== Activity ==
Omit every picture while repeating the entries exactly.

== Information ==
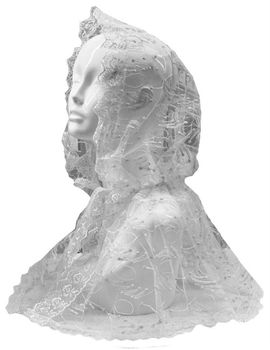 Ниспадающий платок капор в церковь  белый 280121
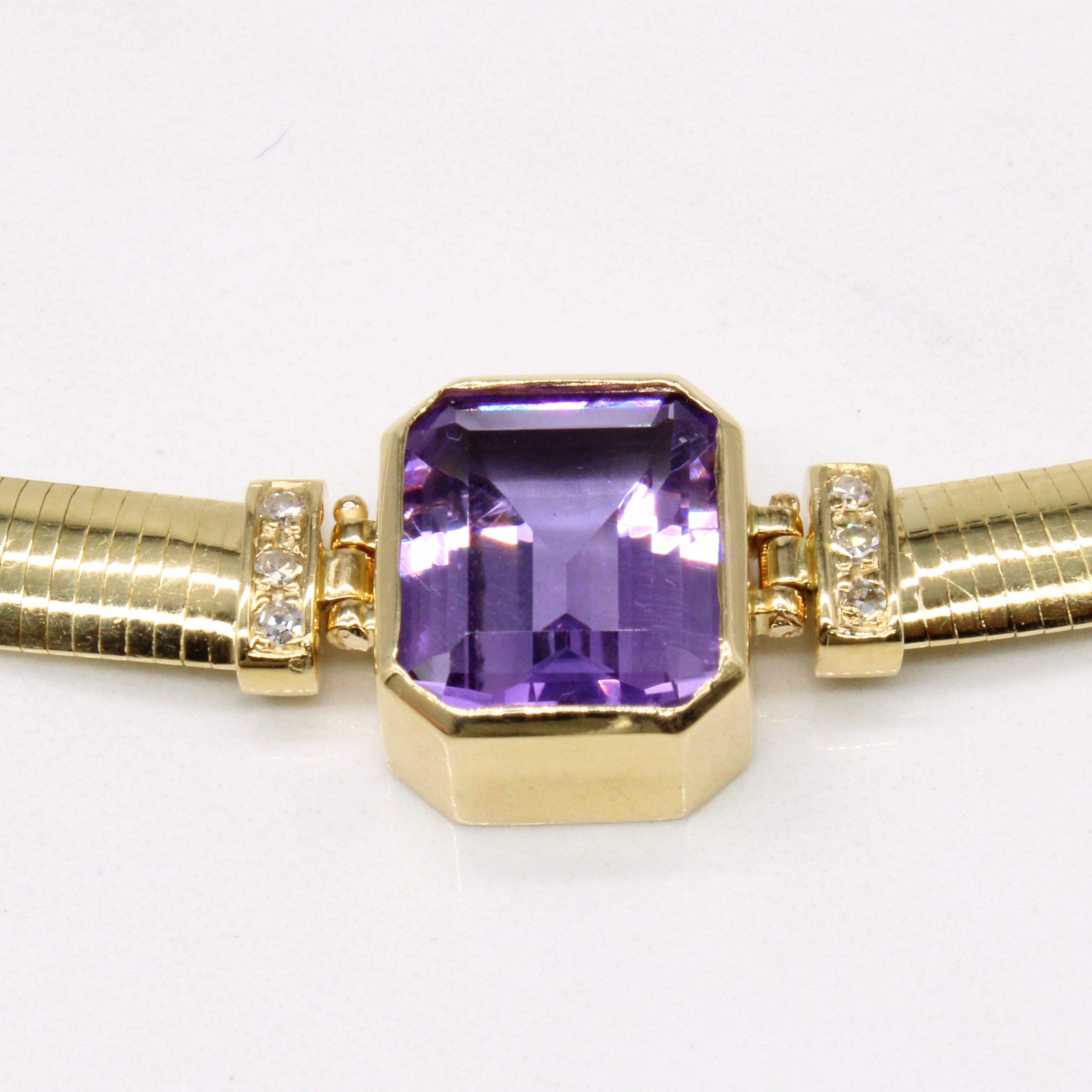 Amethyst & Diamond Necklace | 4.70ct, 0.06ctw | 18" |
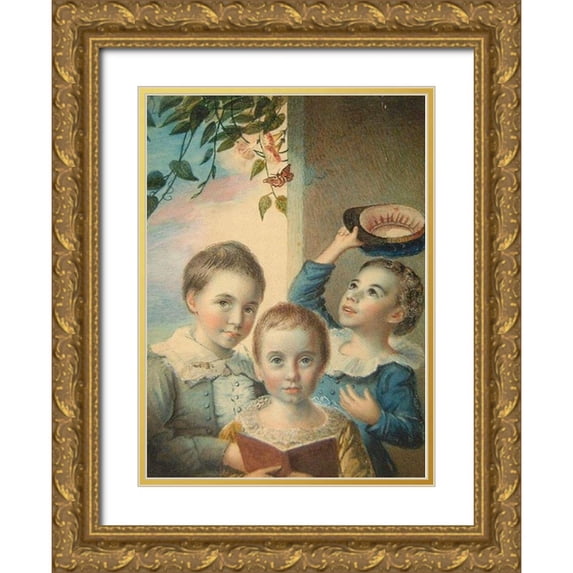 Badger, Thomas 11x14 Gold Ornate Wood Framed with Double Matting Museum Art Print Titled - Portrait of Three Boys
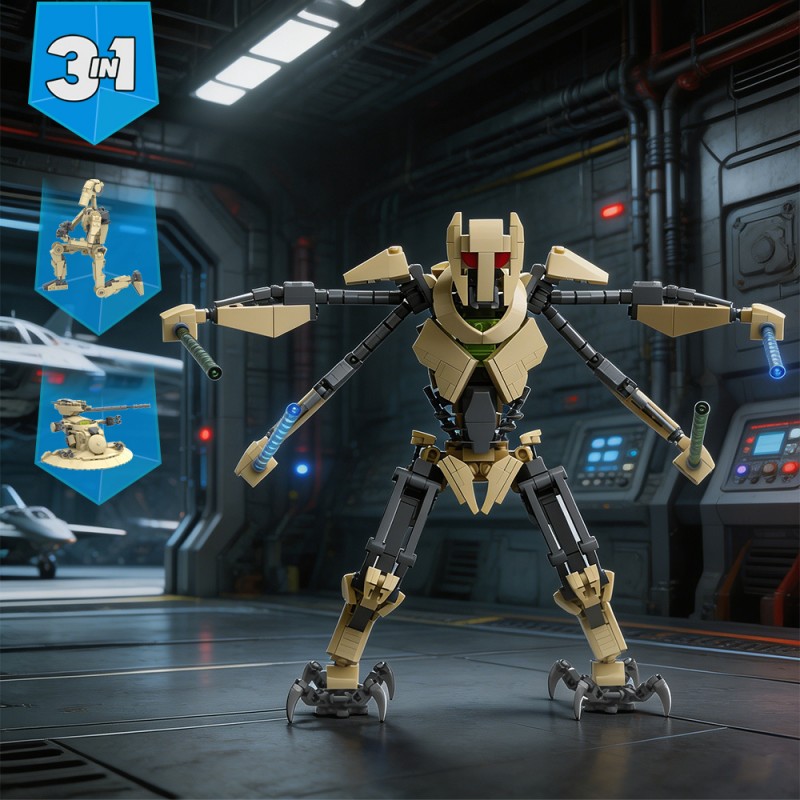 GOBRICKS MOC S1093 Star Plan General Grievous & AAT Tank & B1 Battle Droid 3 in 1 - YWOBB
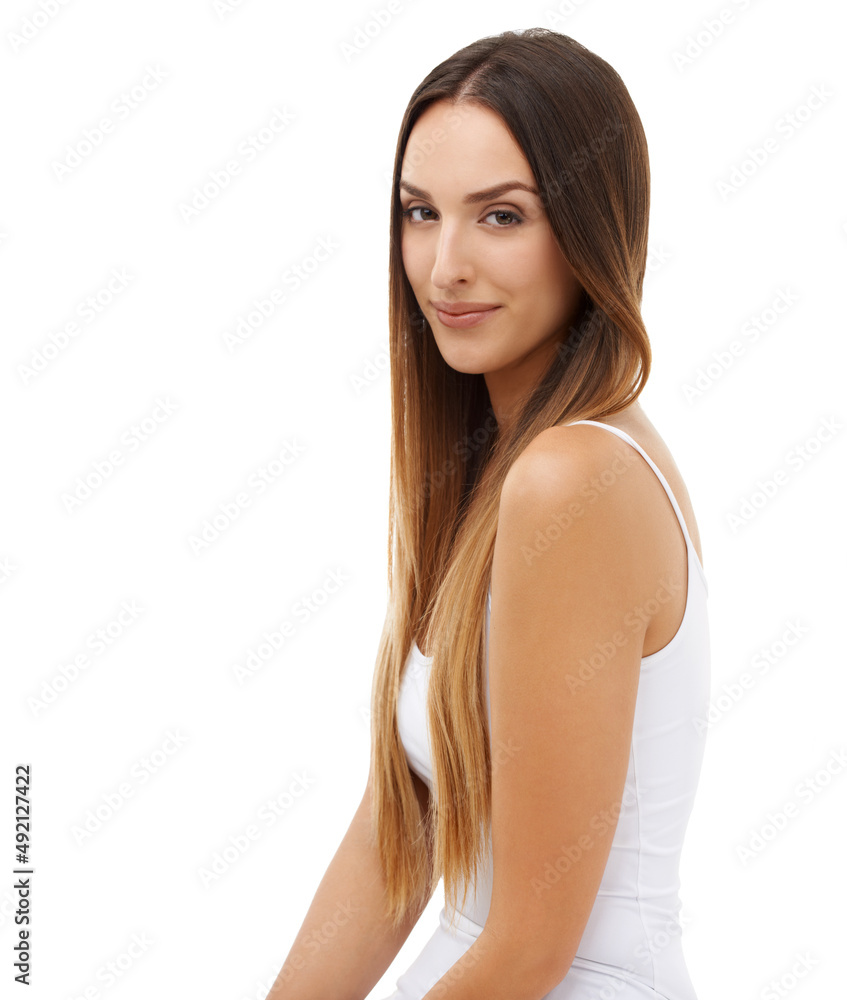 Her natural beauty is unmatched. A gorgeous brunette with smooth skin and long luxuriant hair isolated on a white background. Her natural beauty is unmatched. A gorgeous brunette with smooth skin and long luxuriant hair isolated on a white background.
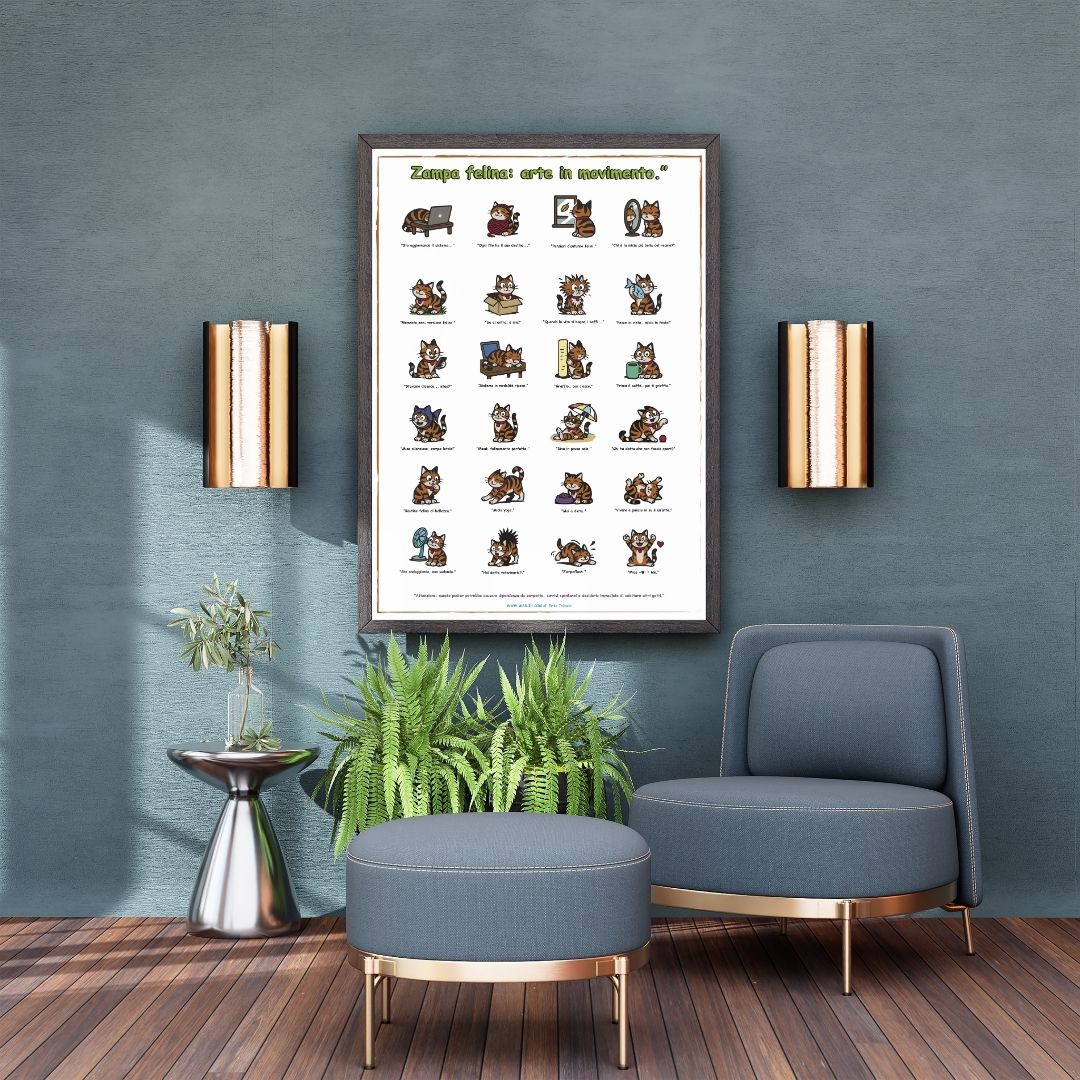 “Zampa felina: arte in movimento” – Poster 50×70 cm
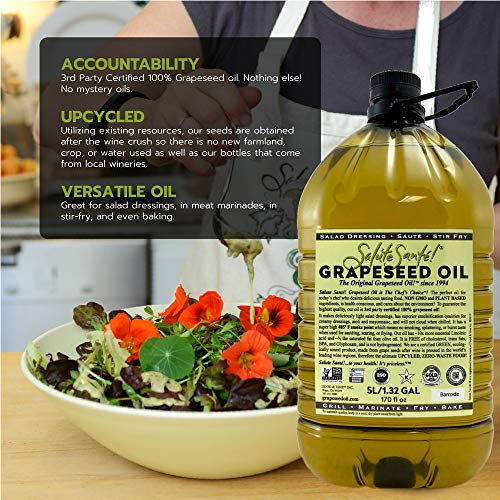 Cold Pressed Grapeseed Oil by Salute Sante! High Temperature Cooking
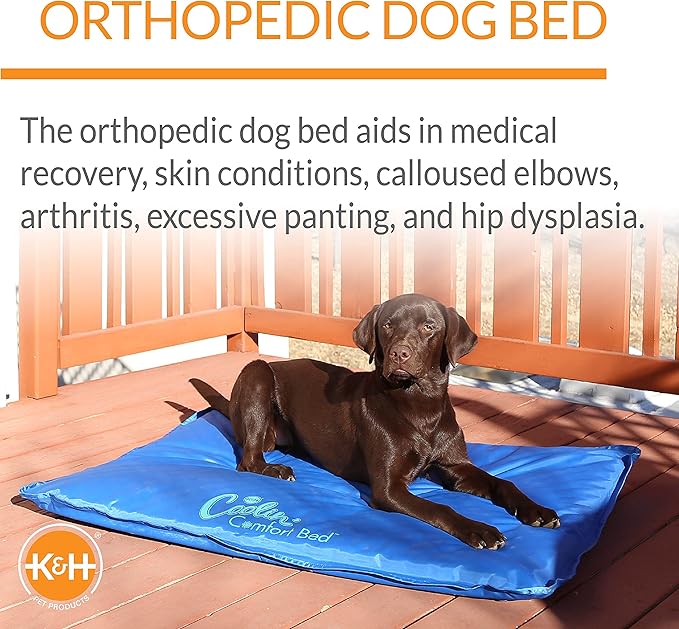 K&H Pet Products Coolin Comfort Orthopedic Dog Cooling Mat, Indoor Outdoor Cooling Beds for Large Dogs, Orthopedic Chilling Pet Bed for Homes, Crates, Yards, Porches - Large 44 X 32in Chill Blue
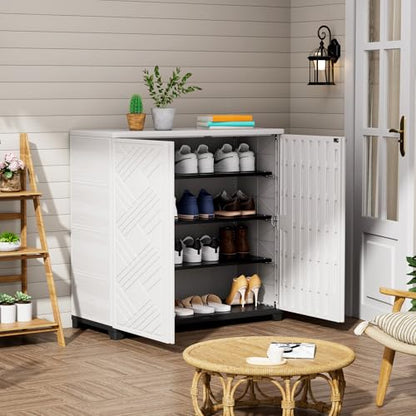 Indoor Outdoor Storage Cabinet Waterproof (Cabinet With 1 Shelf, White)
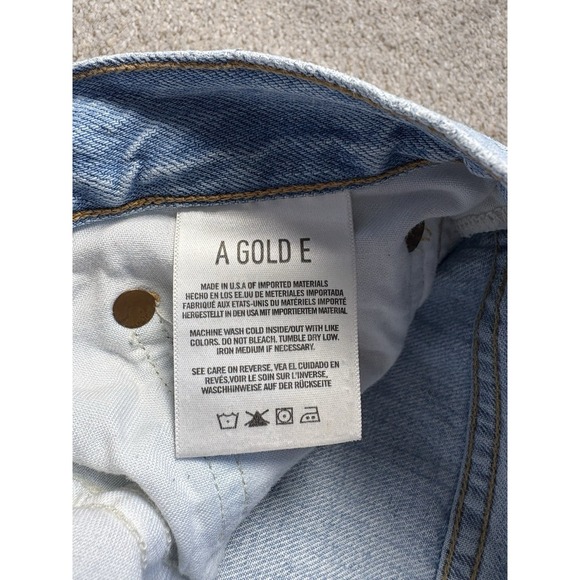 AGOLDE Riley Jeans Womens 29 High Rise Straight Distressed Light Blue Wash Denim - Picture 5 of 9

== Result of this task ==
 Ниспадающий платок капор в церковь  белый 280121
 Amethyst & Diamond Necklace | 4.70ct, 0.06ctw | 18" |
 Badger, Thomas 11x14 Gold Ornate Wood Framed with Double Matting Museum Art Print Titled - Portrait of Three Boys
 GOBRICKS MOC S1093 Star Plan General Grievous & AAT Tank & B1 Battle Droid 3 in 1 - YWOBB
 Her natural beauty is unmatched. A gorgeous brunette with smooth skin and long luxuriant hair isolated on a white background. Her natural beauty is unmatched. A gorgeous brunette with smooth skin and long luxuriant hair isolated on a white background.
 “Zampa felina: arte in movimento” – Poster 50×70 cm
 Cold Pressed Grapeseed Oil by Salute Sante! High Temperature Cooking
 K&H Pet Products Coolin Comfort Orthopedic Dog Cooling Mat, Indoor Outdoor Cooling Beds for Large Dogs, Orthopedic Chilling Pet Bed for Homes, Crates, Yards, Porches - Large 44 X 32in Chill Blue
 Indoor Outdoor Storage Cabinet Waterproof (Cabinet With 1 Shelf, White)
 AGOLDE Riley Jeans Womens 29 High Rise Straight Distressed Light Blue Wash Denim - Picture 5 of 9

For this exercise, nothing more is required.